Der Run auf Libyen ist nicht auf Rohstoffe beschränkt. Das Berliner Architektenbüro Léon, Wohlhage und Wernik wird bis 2017 ein bis zu 3 Milliarden Euro teures neues Regierungsviertel in der Hauptstadt Tripolis bauen. Der Afrika-Verein der deutschen Wirtschaft veranstaltet jedes Jahr ein deutsch-libysches Wirtschaftsforum.

Libyen ist auch deshalb für die EU wichtig, weil es das Haupttransitland für afrikanische Migranten ist, die über das Mittelmeer nach Malta und Italien zu gelangen versuchen.

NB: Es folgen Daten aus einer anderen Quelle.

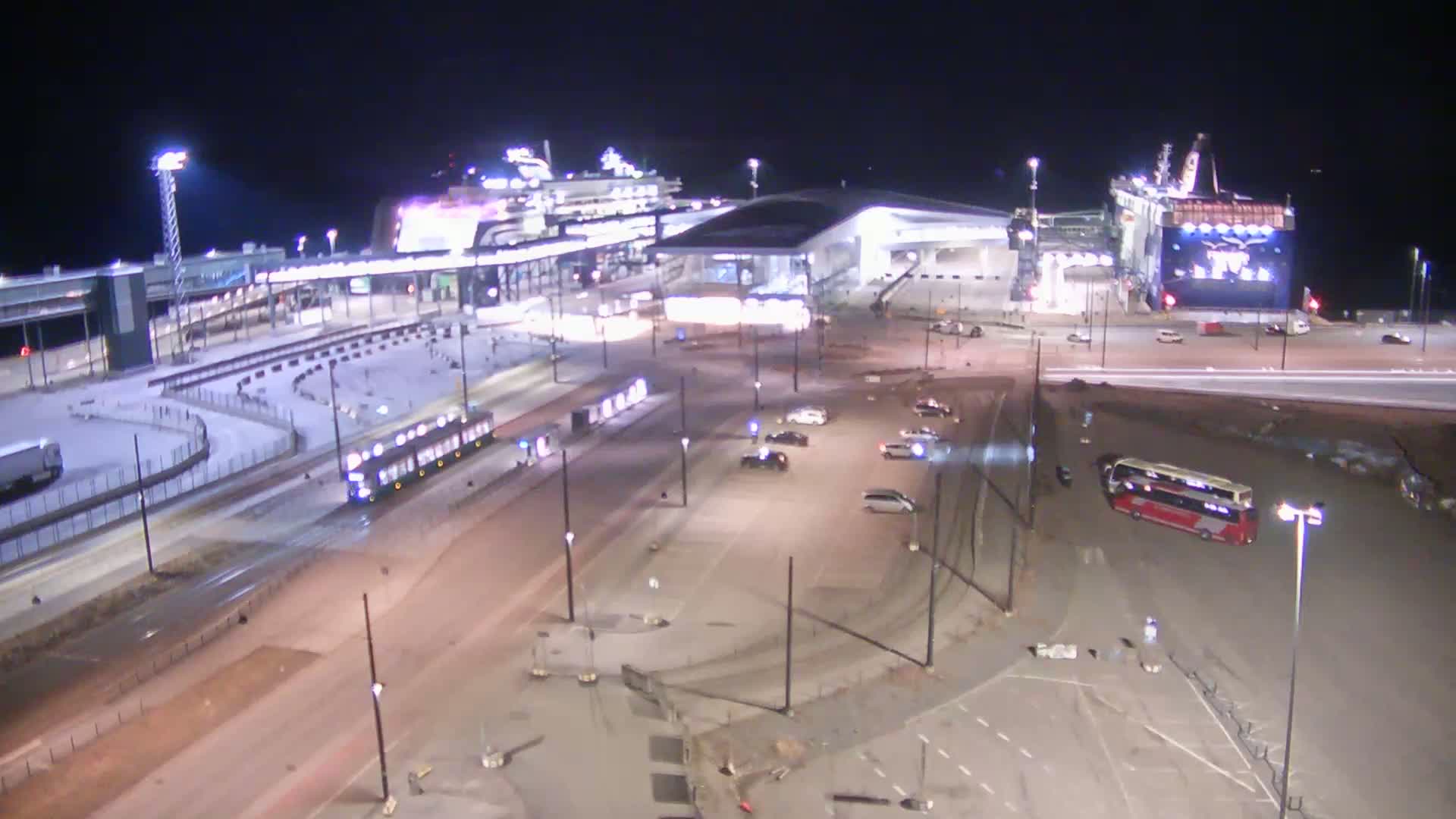 A nighttime aerial view of a ferry terminal with a large ferry docked, several vehicles in a parking lot, and a tram on the road.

Das Gaddafi-Regime macht die Kooperation mit der Europäischen Union bei der Bekämpfung der illegalen Migration abhängig von der Bereitschaft seiner europäischen Partner, Kritik an Libyens Innenpolitik zurückzustellen. 2006 deportierte Libyen nach eigenen Angaben 64.330 illegale Migranten; im Juni dieses Jahres nahmen die Behörden 1.451 illegale Migranten auf dem Weg nach Europa fest. So wird Gaddafis Diktatur zum verlässlichsten Bollwerk der EU gegen Afrika.